Who are you the most open and free with? Truly authentic and comfortable having the person see you for all that you are? As I consider this for myself, I am surprised by the answer. I realize it starts with self. I must be open to and comfortable with “Who I am”. There are times in my life where I have gone along or not spoken up about what was in my heart or my true need. In doing this, I closed the door to my own vulnerability. I choose to not honor myself, be fully me, be fully authentic.
Who is hurt by this?
The obvious answer, is Me, at the highest level. The interesting insight is that it also impacts all of the wonderful people in my life. People that likely would value my full, authentic contribution and appreciated seeing the full ME.
The choice to regulate, to not be fully present and real to one’s needs comes from many places. We are uncertain of ourselves or how someone will respond. Perhaps we are operating from a place of wanting to please, to keep peace or simply that we don’t feel we have enough information to express ourselves. The harm in this choice, is losing connection to pieces of yourself and not living fully.

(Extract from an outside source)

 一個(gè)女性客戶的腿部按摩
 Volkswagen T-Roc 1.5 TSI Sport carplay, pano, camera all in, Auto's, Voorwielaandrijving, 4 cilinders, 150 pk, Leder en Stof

Openness starts with self. It starts with loving your uniqueness, the good and the bad, the vulnerable elements and your hard edges. And of course, there are people and situations where you may need to “regulate” what you share. Work situations or situations that require you to establish boundaries. In these instances, staying true to yourself is key to honoring who you are.
I am reminded of a podcast I listened to on Wisdom Talk Radio, The Critical Key of Discernment for Living a Life that Works. When we know ourselves, when we are open to who we are, when we are able to go inside to our inner knowing, and trust it, we are able to discern and thus choose what we share of ourselves. We are able to identify the level of openness of ourselves we wish to bring to a situation or relationship. We are able to feel into our body what is in alignment for us and we are able to separate from the needs of others.
By having the tools to make a choice, we are able to create meaningful relationships. Relationships where there is connection, love and understanding. In the workplace, it may be less about love and more about connection, creativity, partnership and innovation, but I believe love also has a place there. Whatever the dynamic, it starts with openness to self. It starts with authenticity and self-love.